I’ve already built a proof-of-concept for a solution that attempts to tie CloudStore objects to Vue components that use them. This way, when the Vue component is unmounted, we can consider whether the objects linked to it still need to be subscribed to server updates. At the prototype stage, it works, but who knows how many corner cases will arise. And the risk of unsubscribing an object that’s still needed is very high -- it could cause some very confusing user situations.
Team scaling issues
Asana also pointed out a concern of their own with Luna, which I share:
“We struggled to onboard new engineers because product development required understanding our framework. “
This one is concerning, because right now we’re optimizing for developer velocity on a small team, but as we scale, will we encounter difficulty explaining how CloudStore works to those who weren’t present as it was built? Will external engineers even want to work with a proprietary system that isn’t a transferable skill they can put on their resume? The best solution we have right now is well-documented code, a strong base of examples, using good patterns that are familiar (e.g. Firebase, Mongo), and some companion documentation. Perhaps some day the framework could become open source.
Another challenge for us is migrations. How do you migrate data in a graph database? Do we write a script? How long would such a script take to run? Must they be atomic? How do we maintain compatibility with clients running outdated versions of our client-side code that depend on the old schema?
Similarly, how do we manage migrations in JSONB fields? It’s likely similar in theory to migrating when using MongoDB, which I presume has more literature. As of now, it seems the answer is: “very carefully with a script.” A blog on the topic by Coinbase confirmed as much.

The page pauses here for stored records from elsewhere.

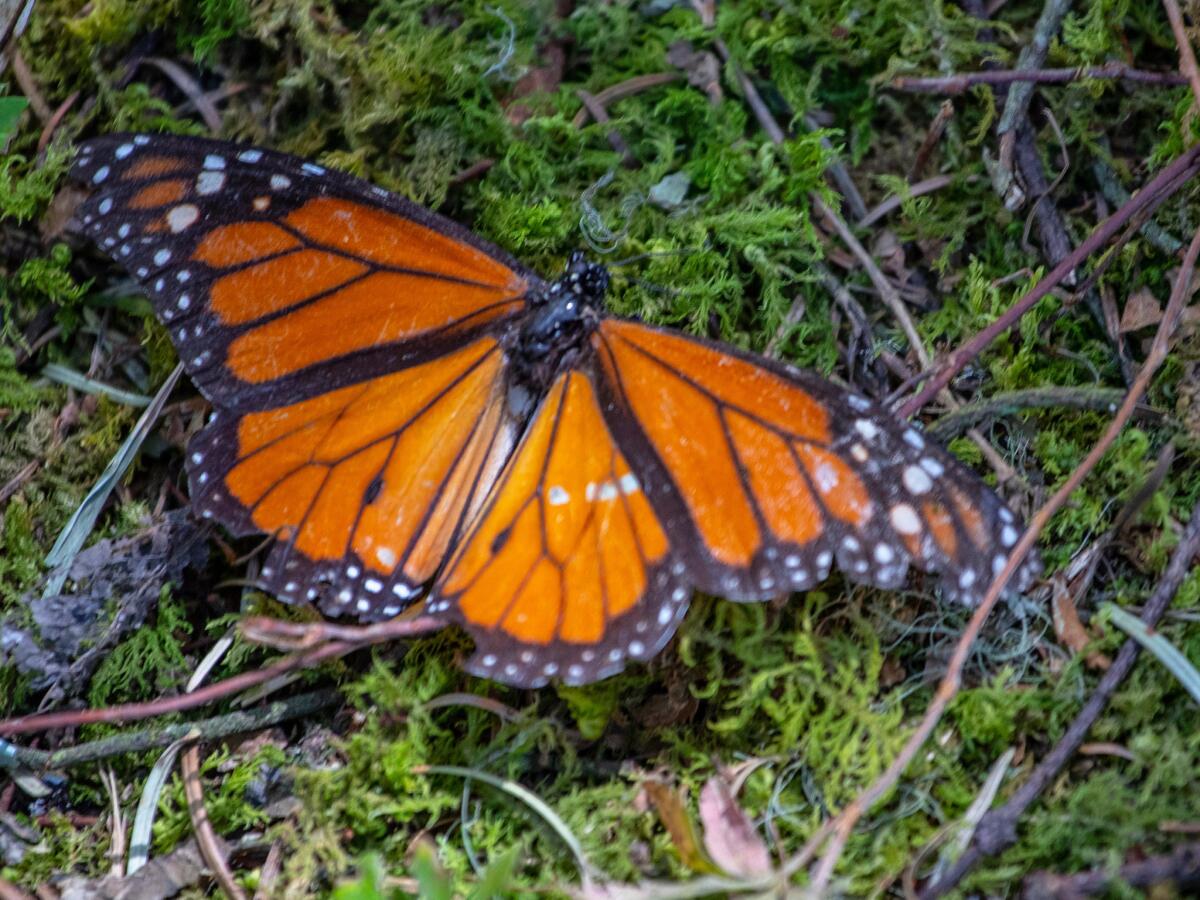 A monarch butterfly on the ground in the Monarch Butterfly Biosphere Reserve, a national park near La Mesa, Mexico. (Brian van der Brug / Los Angeles Times)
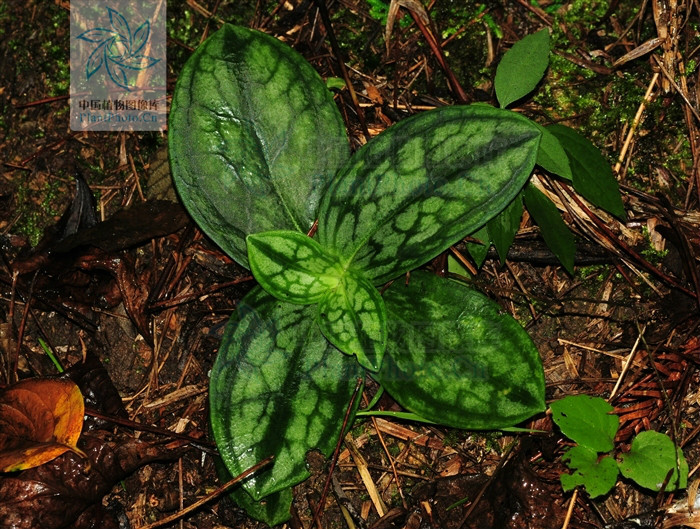  p>双蝴蝶,拉丁文名:tripterospermum chinense (migo) h.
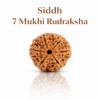 Kashi Siddh Nepal Origin 7 Mukhi Rudraksha - 17mm to 22mm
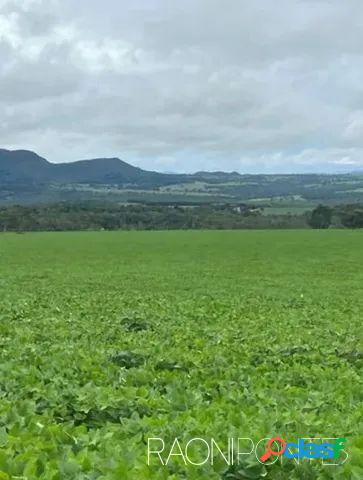 Magnífica Fazenda à Venda - Imperdível! Jaraguá, Goiás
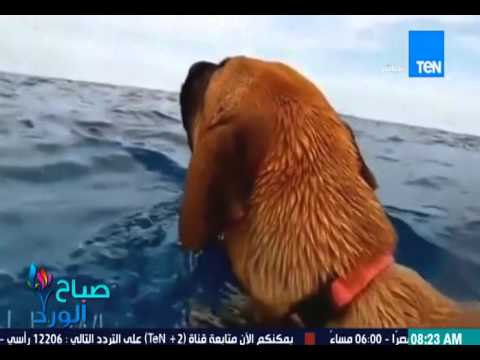 شاهد رد فعل كلب يشاهد الدلافين لأول مرة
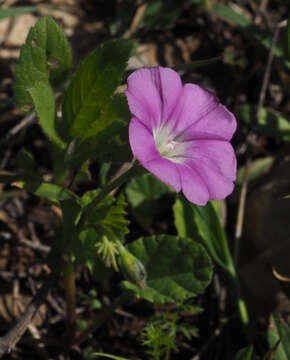 Image of Convolvulus coelesyriacus Boiss.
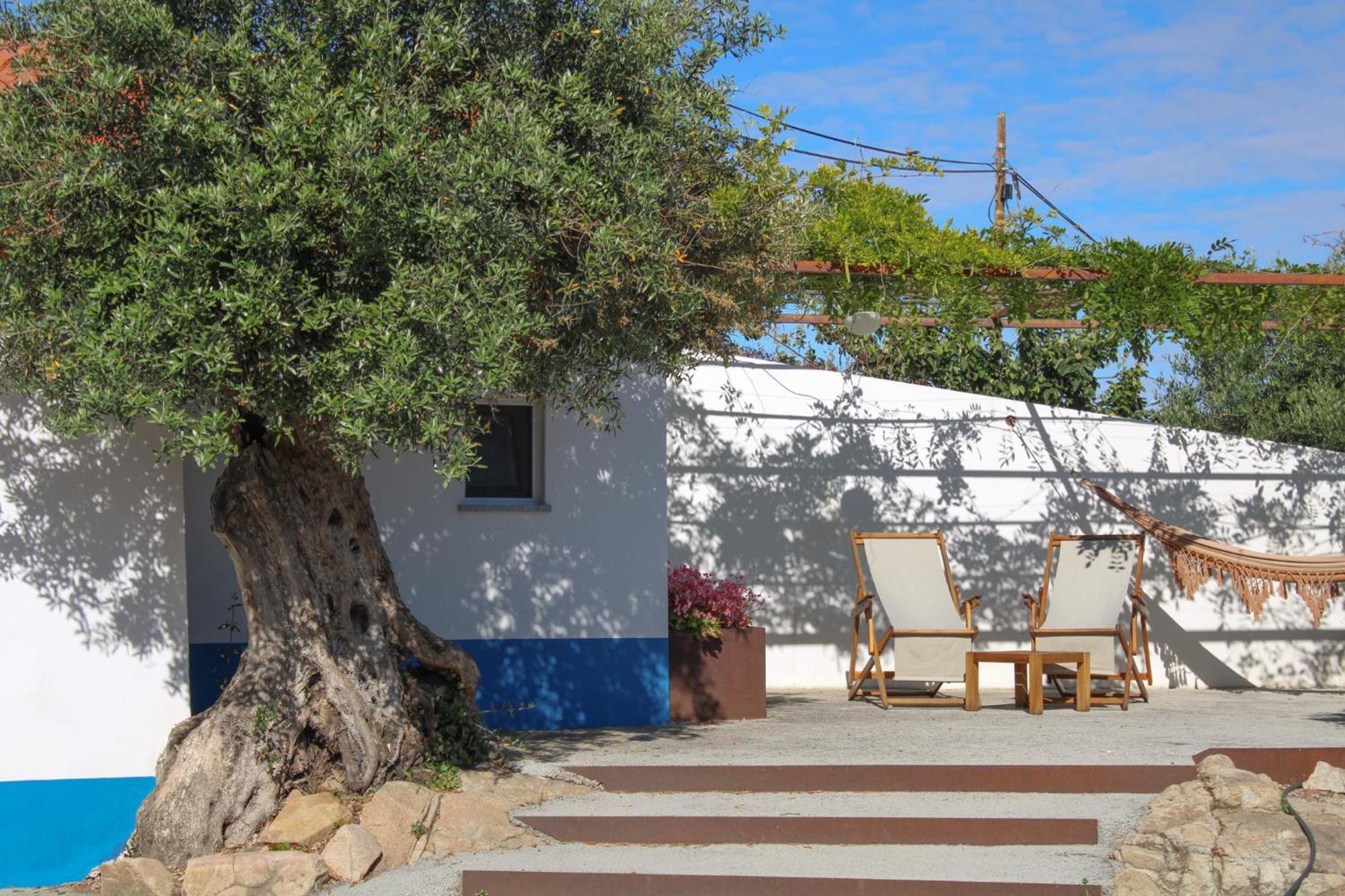 Villa São Brás do Regedouro - Turismo na Aldeia Évora Esterno foto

We probably wouldn’t have started out building this framework if we weren’t initially targeting a Chrome extension with unique requirements. But even though we discarded a lot of code as we’ve iterated, most of the discarded code was a thin UI layer on top of the code we ended up writing inside the framework itself. In that sense, by building CloudStore, we reduced waste while we search for product market fit. All the work we did to solve certain hard problems has transferred with us. We’ve also gained velocity in our ability to build new features, which is a huge advantage. For such a small team, I’m proud of what we’ve brought to market thanks to this framework.
As proud as we are of the technical accomplishments we’ve achieved, ultimately, our user experience is the entire reason why we write code: to make delightful customer experiences that help our users achieve their goals faster and more easily. We think this technology has made our product better for our customers. It has given our product a snappy user experience. Our loads are fast and user interactions are instant.
As much as there are tradeoffs and challenges ahead as we grow with CloudStore, we’re excited to see how the framework evolves and -- perhaps one day -- how it may help other teams.